Assigned task | Below this line are records; transcribe exactly the lines between the one holding "zougris-40.0163 LINE ΣΚΑΜΠΟ" and the one holding "FRONT BUMPER SKODA KAMIQ 658 18- NO. 28753", inclusive, and omit the pictures.

Source material |
.....
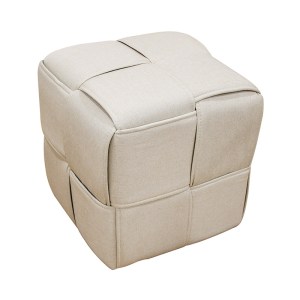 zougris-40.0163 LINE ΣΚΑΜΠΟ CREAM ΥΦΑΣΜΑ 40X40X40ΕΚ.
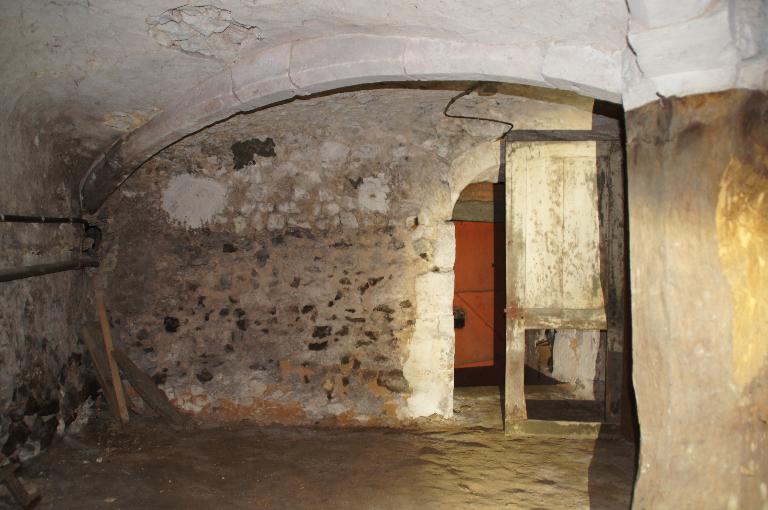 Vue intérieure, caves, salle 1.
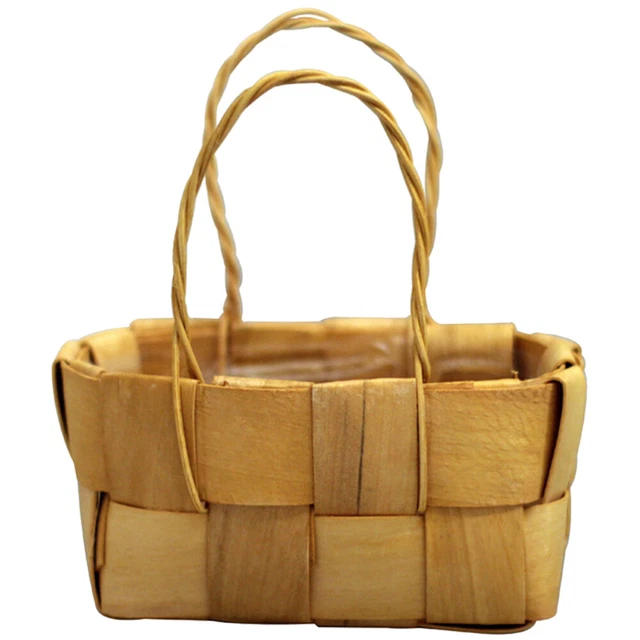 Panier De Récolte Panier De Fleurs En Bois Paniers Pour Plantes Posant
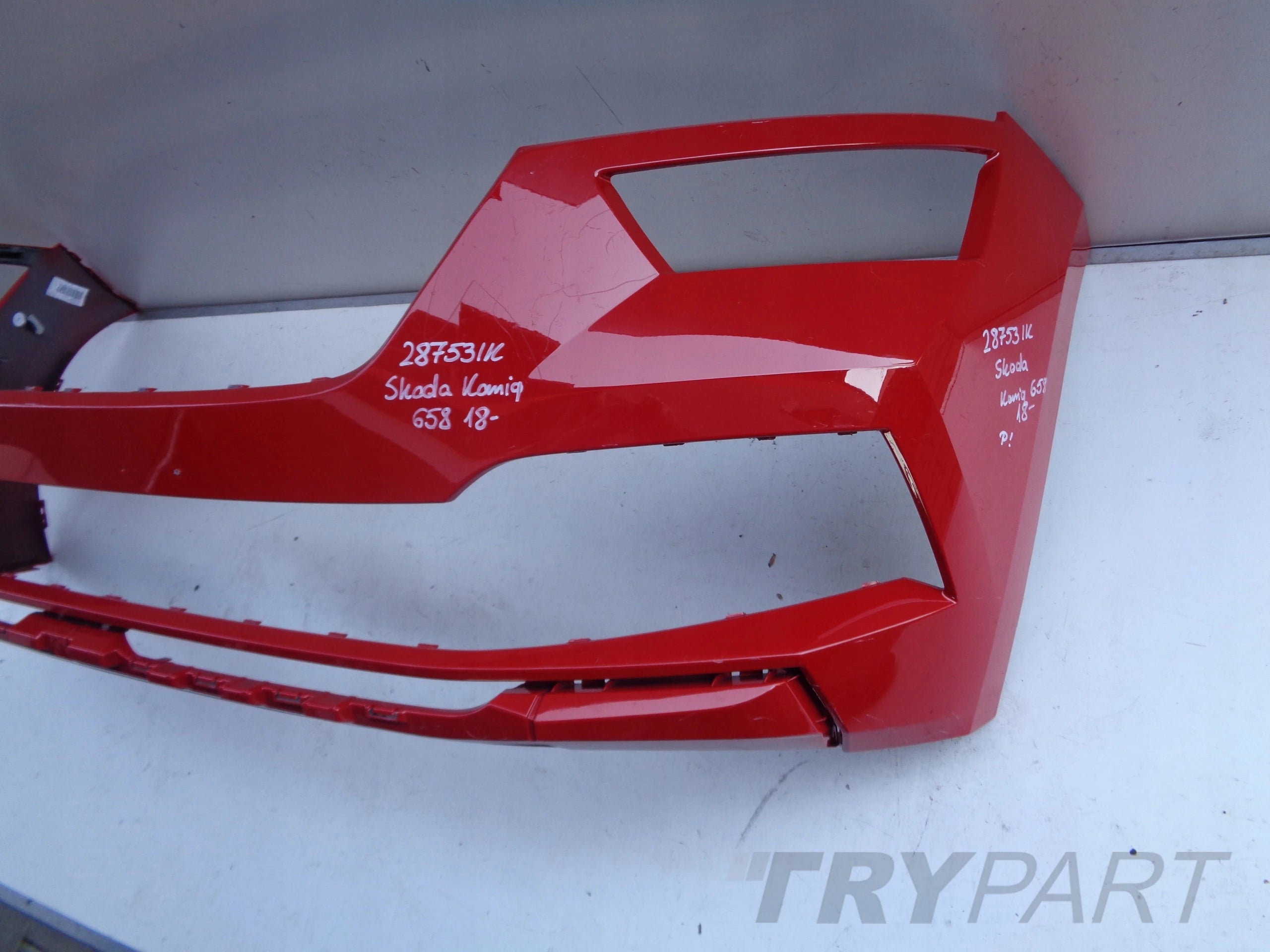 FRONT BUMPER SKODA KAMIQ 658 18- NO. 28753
.....
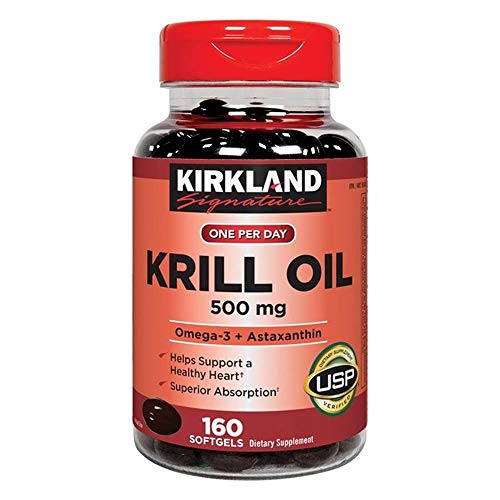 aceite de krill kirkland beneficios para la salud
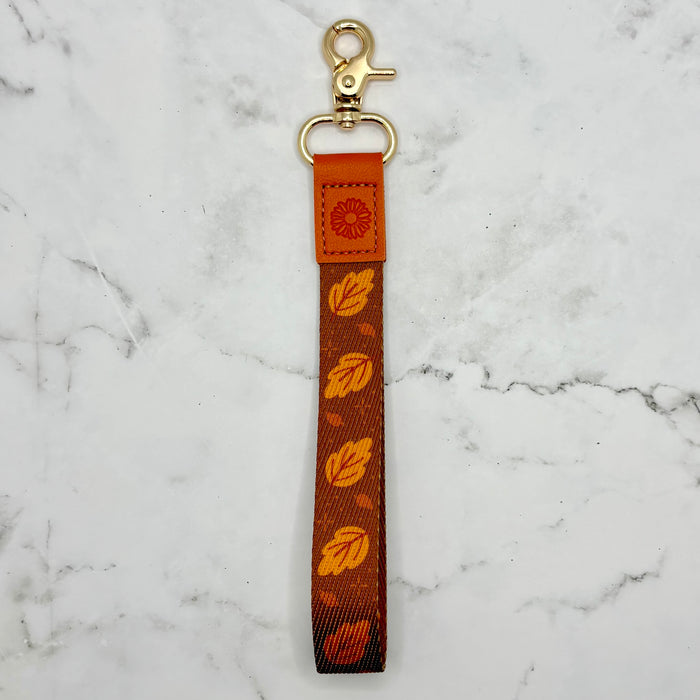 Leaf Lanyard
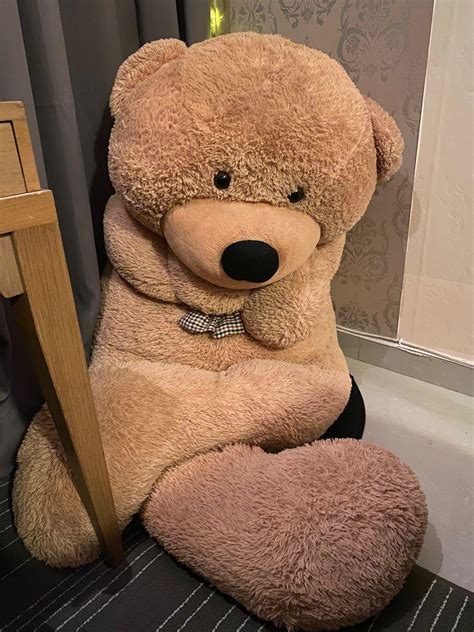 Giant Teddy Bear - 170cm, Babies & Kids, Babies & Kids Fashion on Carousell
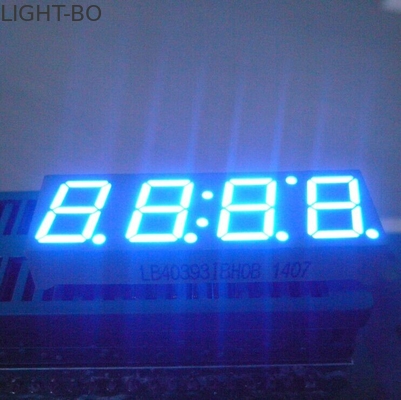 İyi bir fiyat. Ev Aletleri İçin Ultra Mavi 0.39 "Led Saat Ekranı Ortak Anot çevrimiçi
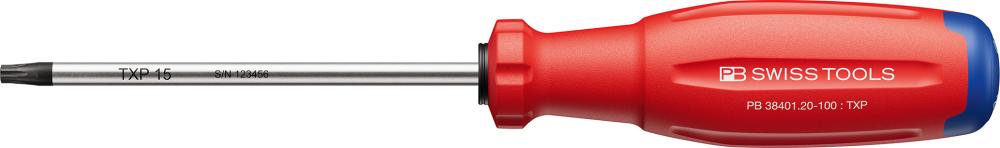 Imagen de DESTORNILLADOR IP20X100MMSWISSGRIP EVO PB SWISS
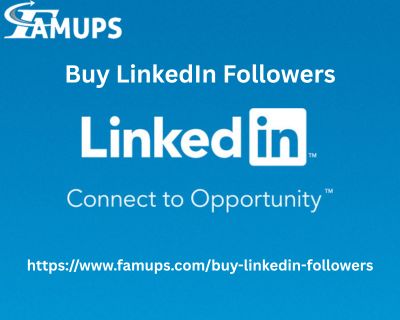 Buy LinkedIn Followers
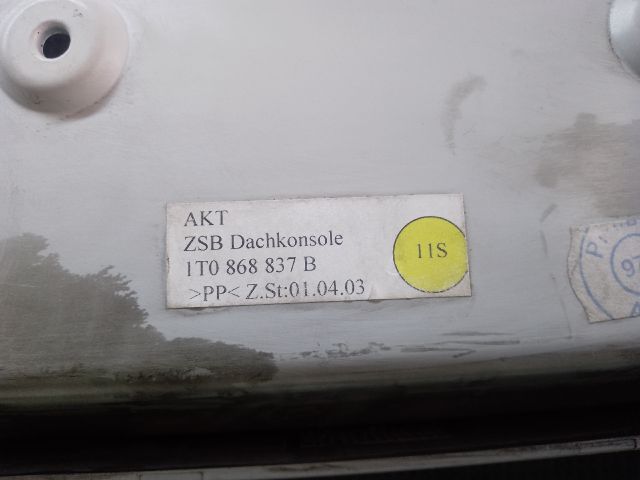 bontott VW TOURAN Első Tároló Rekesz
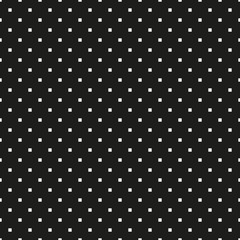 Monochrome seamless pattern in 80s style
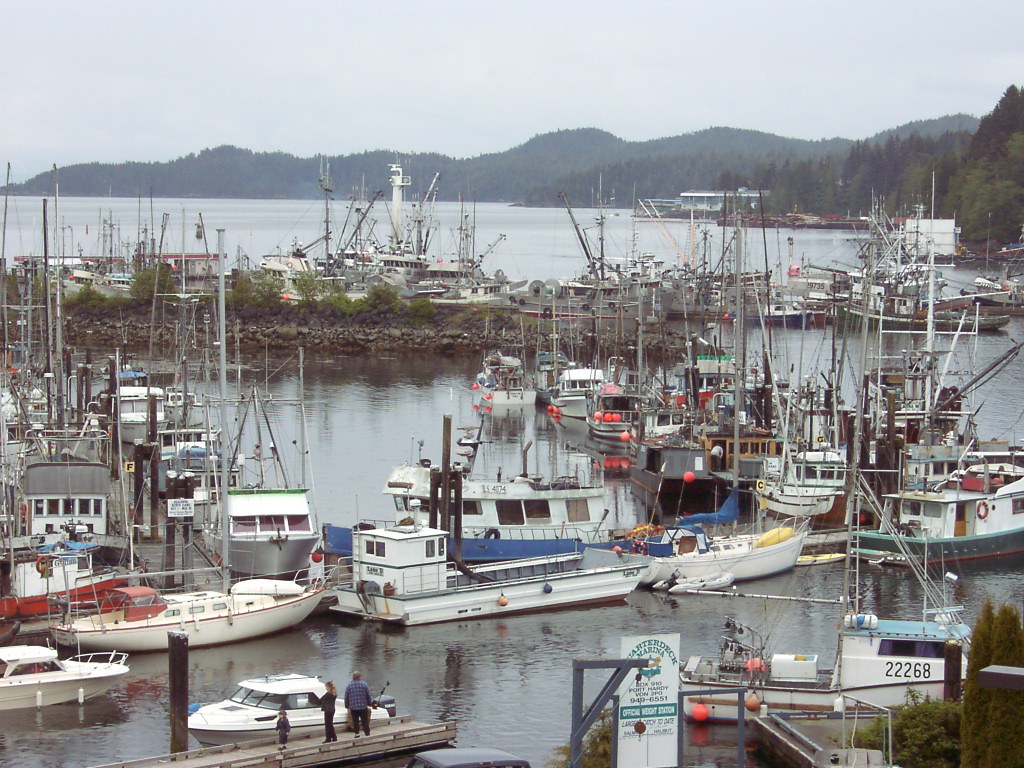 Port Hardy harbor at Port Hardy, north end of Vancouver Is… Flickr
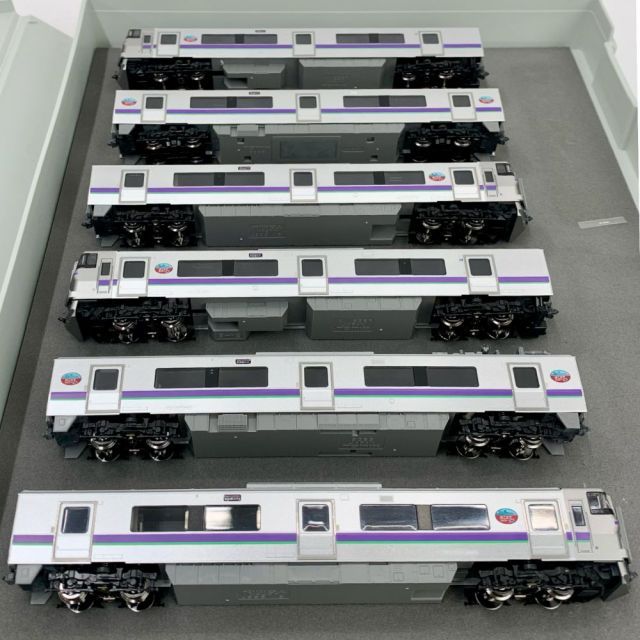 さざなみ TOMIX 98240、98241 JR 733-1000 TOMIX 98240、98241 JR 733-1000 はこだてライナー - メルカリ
.....
Solution |
 zougris-40.0163 LINE ΣΚΑΜΠΟ CREAM ΥΦΑΣΜΑ 40X40X40ΕΚ.
 Vue intérieure, caves, salle 1.
 Panier De Récolte Panier De Fleurs En Bois Paniers Pour Plantes Posant
 FRONT BUMPER SKODA KAMIQ 658 18- NO. 28753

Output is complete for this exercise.